Portrait de la situation que nous avons surnommée Peyi lòk, Nap boule est un court-métrage d’Alexandrine Benjamin, étudiante finissante en cinématographie à l’université de Greenwich à Londres, dans le cadre de son travail de mémoire.
Nap boule en tant qu’ expression est populaire en Haïti. Elle signifie :” Ça va ou encore on se maintient”. C’est une manière détachée et désinvolte de dire qu’on est là, qu’on s’accroche même si la situation va de mal en pis. C’est exactement cela que la réalisatrice Alexandrine Benjamin souhaitait traduire à travers un titre comme “Nap boule” au lieu de “Lòk” qu’elle avait choisi au préalable. Elle raconte que chaque haïtien saura ainsi se reconnaître quelque soit le pays où il se trouve. D’ailleurs, ce court-métrage a pour fond le “peyi lòk”; ces troubles socio-politiques qui ont boycotté toutes activités et circulations sur toute l’étendue du territoire national pendant des mois et de manière répétitive. “ Ce court-métrage, c’est notre reflet dans le miroir car il nous permet de nous attarder sur notre situation actuelle. Il est aussi un cri d’alarme, un S.O.S ou encore un appel à l’aide pour signifier que nous n’en pouvons plus”, avoue Alexandrine.
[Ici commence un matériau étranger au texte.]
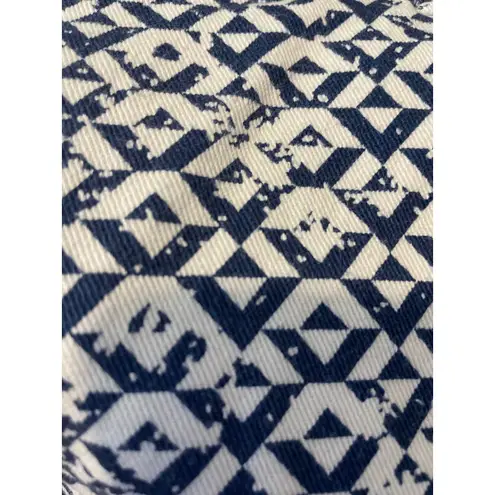 Architect Womens Geometric Print Shorts Size 20W Blue & White Cotton/Spandex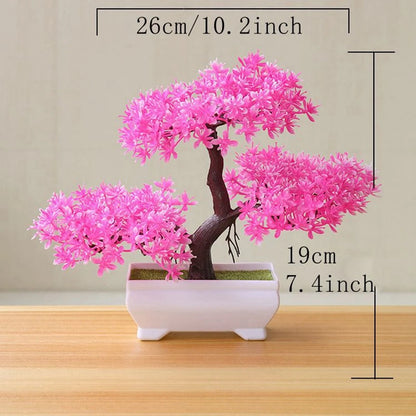 Blooming Cascade™ Artificial Potted Bonsai Plant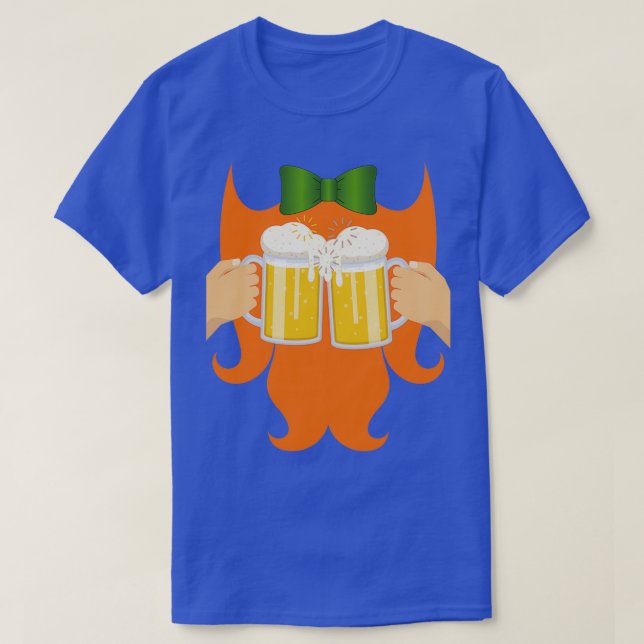 St Patricks Beer Älskare Irish Drinking Team 2 T Shirt (Design framsida)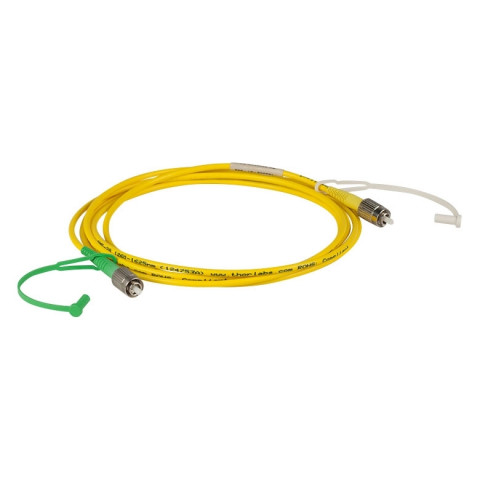 P5-SMF28E-FC-2 - Соединительный оптоволоконный кабель, одномодовое оптоволокно, 2 м, диапазон рабочих длин волн: 1260 - 1625 нм, FC/PC и FC/APC разъем, Thorlabs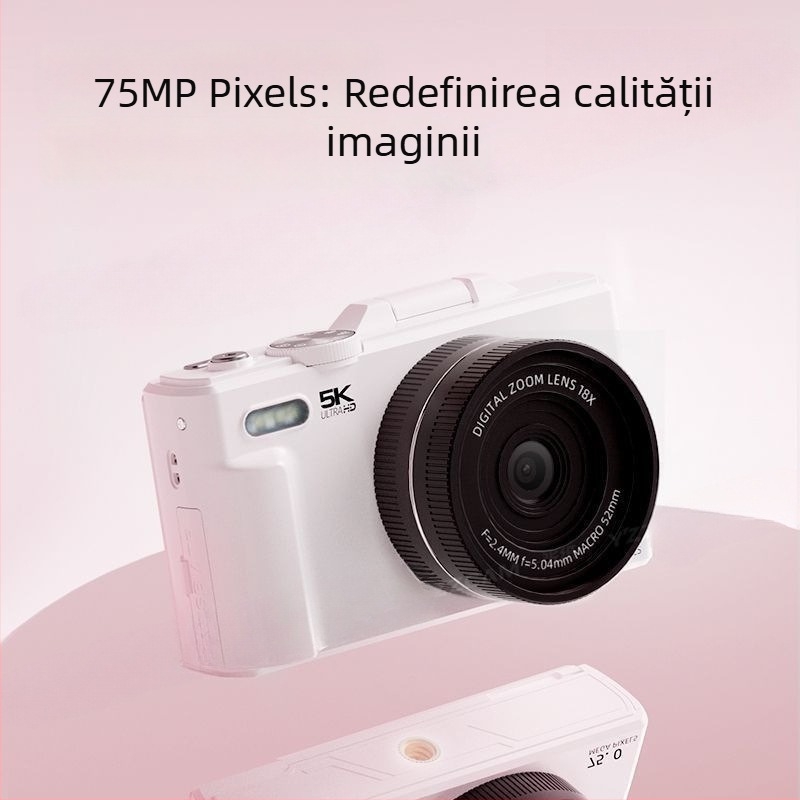 Cameră digitală fără oglindă, 75 MP, 18x zoom optic, stocare microSD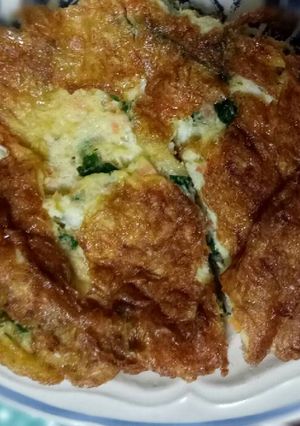 Foto resep Dadar telur isi sayur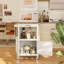Chariot d'îlot de cuisine en bois avec 1 tiroir et armoire de rangement, chariot de cuisine roulant avec tablette ouverte, îlot de rangement mobile avec porte-serviettes et roulettes verrouillables-753637888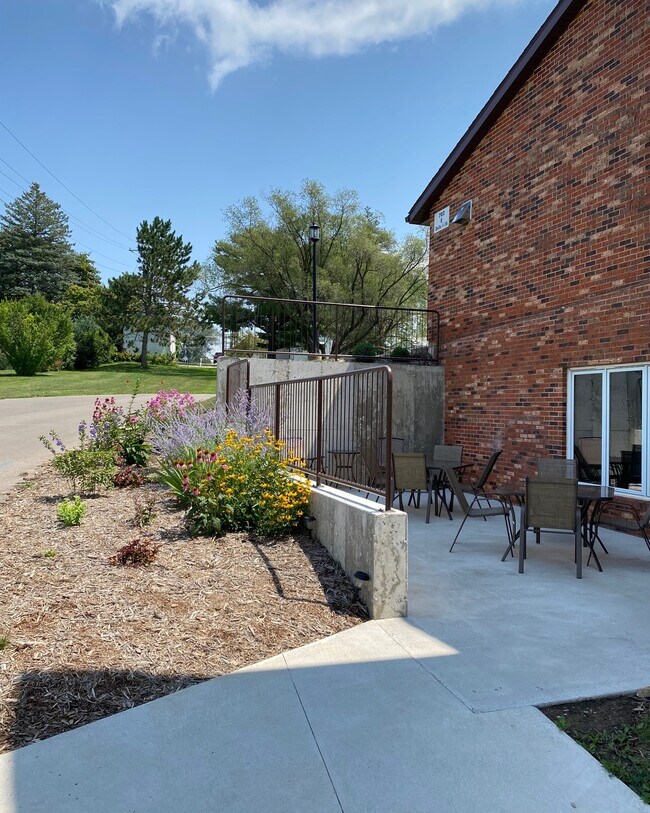 Patio outside of E building Community Room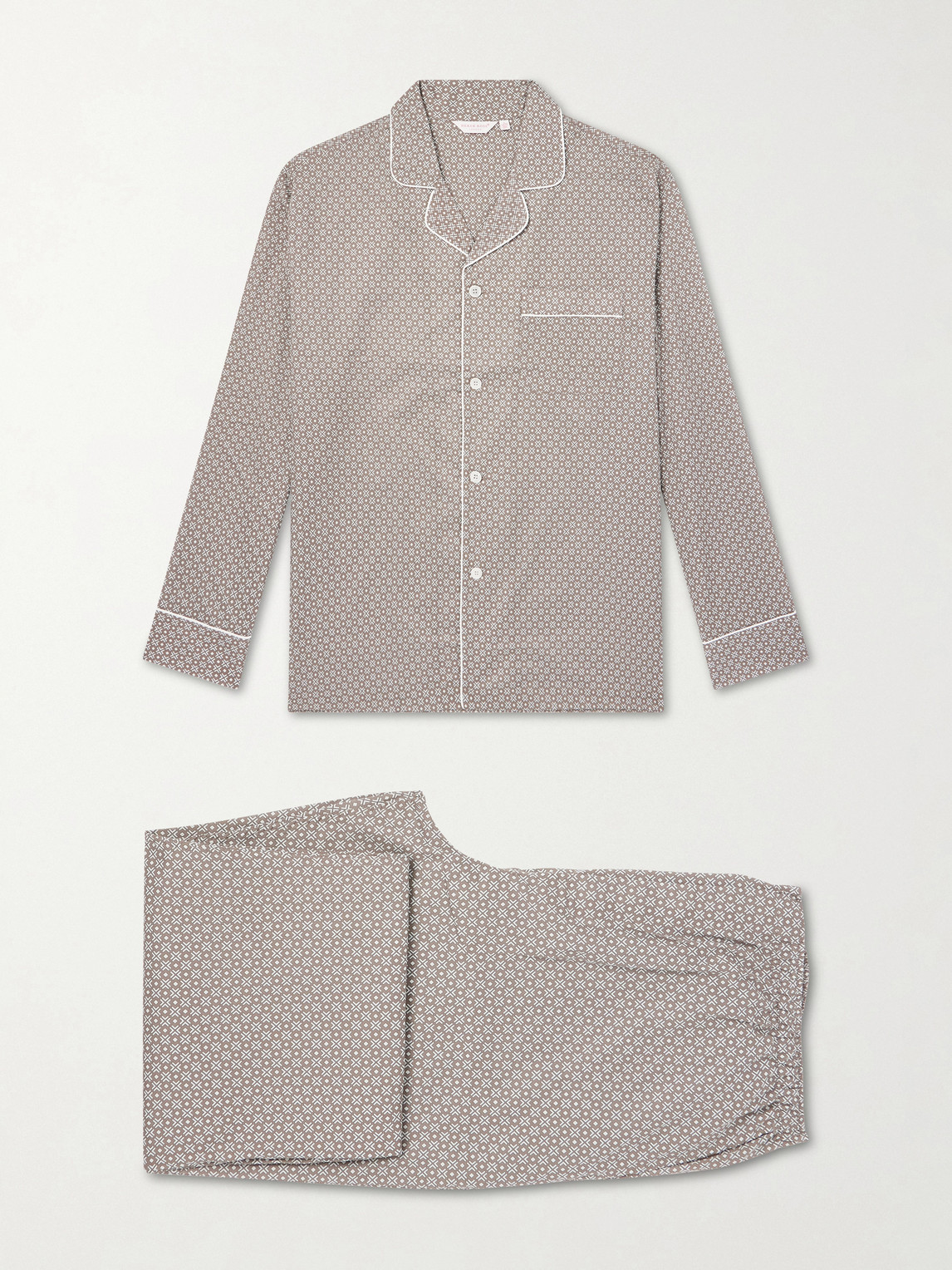 Derek Rose Ledbury 96 Printed Cotton-Poplin Pyjama Set - Men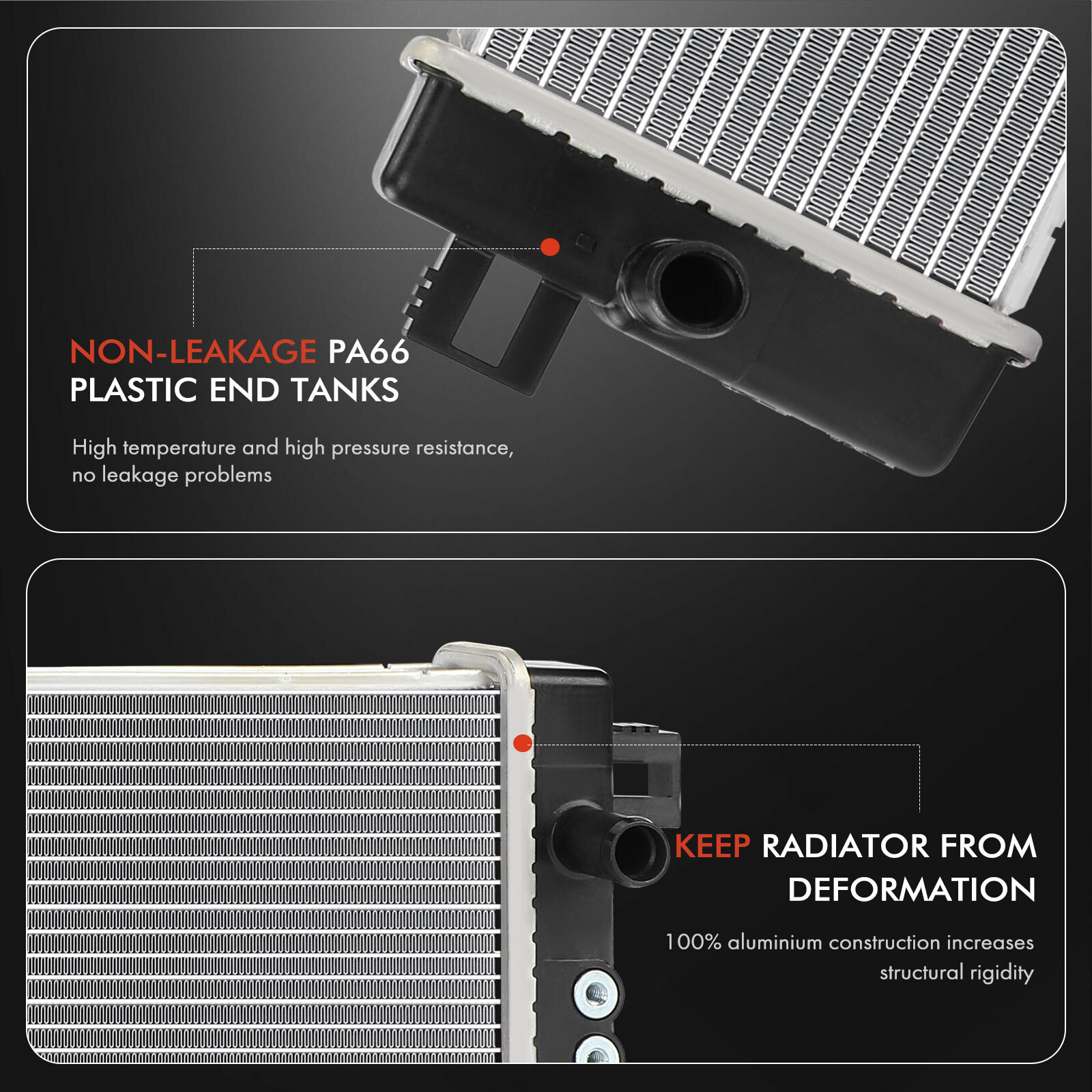 Radiator Inverter Cooler for Toyota RAV4 2019-2022 RAV4 Prime 2021-2023 ...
Ericka Julie Jean-Louis, danseuse, comédienne et la lead vocale du groupe Siwomyèl; est l’actrice principale de “Nap boule”. Elle joue le rôle de Rose, l’épouse de Jean interprété par Kenny Laguerre. “ Je joue le rôle de Rose, la femme de Jean, un chauffeur de taxi moto. Rose est sur le point d’accoucher à cause d’une rupture accidentelle de la poche des eaux et doit se rendre à l’hôpital. Avec son mari, elle rencontre de nombreuses difficultés sur la route: barricades, gangs armés, et se font également kidnappés. Il arrive aussi un moment où Rose se voit obligée de prendre soin de son mari blessé d’une balle alors qu’elle-même souffre déjà atrocement. Lorsqu’ils arrivent enfin à l’hôpital, Rose ne peut bénéficier de soins car ils ont été rançonnés et n’ont plus d’argent pour payer les frais” , explique ainsi Ericka.
Pour monter ce court-métrage, Alexandrine confie qu’elle a dû procéder par “ financement participatif”. “ Sur la page officielle du projet, on a lancé une levée de fonds sur une période de 29 jours afin de récolter 12 à 13 milles dollars américains”, précise-t-elle. Quant aux matériels, elle a reçu des donations et des emprunts de plusieurs institutions en Haïti ainsi qu’à l’étranger. Malgré ça, elle affirme que les acteurs n’ont pas été si bien rémunérés que ça; une situation qui ne les a pas empêché de tout donner. Ericka, pour qui cela a été une première expérience au cinéma, raconte:” Mon expérience avec Nap boule, ça a été extraordinaire parce que dans un premier temps, c’est vraiment une première expérience dans le cinéma. Deuxièmement, je trouve qu’ Alexandrine est vraiment et sincèrement quelqu’un de super humain. C’est quelqu’un qui se soucie de comment tu es sur le plateau, de ton état d’esprit et qui te booste au maximum. C’était extraordinaire aussi parce que sur le plateau, les gens savaient tous ce qu’ils faisaient”.
Nap boule a été tourné à Jacmel et il a été filmé majoritairement la nuit. Alexandrine explique qu’au début, le tournage devrait s’étendre sur environ cinq jours mais qu’il a été interrompu le deuxième jour à cause de l’assassinat du président de la République. Ensuite, il y a eu beaucoup de pluies lors du passage cyclonique, ce qui a encore retardé le tournage. Mais heureusement, ils ont réussi à tout boucler et le trailer a été mis en ligne le 22 Septembre dernier.
Pour l’instant, aucune date n’est retenue pour la grande première mais Alexandrine souhaite que ce court-métrage soit projeté dans des festivals à l’étranger ainsi que dans les dix départements du pays.